Multimodal dynamics of nonhomogeneous absorbing Markov chains evolving at stochastic transition rates

Abstract

The Tokuyama–Mori projection operator method for a reduced time-convolutionless description of a local temporal behavior of an open quantum system interacting with the weakly dissipative and fluctuating pervasive environment is applied to a Markov chain subject to random transition probabilities. The solution to the problem of the multimodal dynamics of a two-stage absorbing Markov chain with the fluctuating forward rate constant augmented by a symmetric dichotomous stochastic process is found exactly and compared with that of the problem for the same Markov chain with the fluctuating backward rate constant. It is shown that these two different tetramodal solutions cannot generally be reduced to but be complementary to each other.

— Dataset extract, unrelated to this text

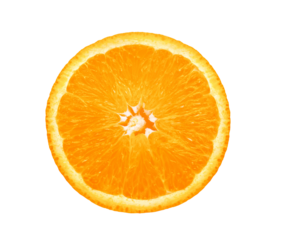 Orange slice on transparent png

In the limit of very frequent fluctuations in forward/backward rate constants of a two-stage absorbing Markov chain, as well as in the case of a one-stage recurrent Markov chain, both solutions become bimodal and superimposed to one another. However, there is a distinction between using of those solutions for the dynamics of a two-stage absorbing Markov chain in the limit of very rare fluctuations at the critical point, in which the former solution shows the resonance effect exhibiting itself as the stochastic immobilization in an initial state, while the latter demonstrates the deterministic decay to the other state.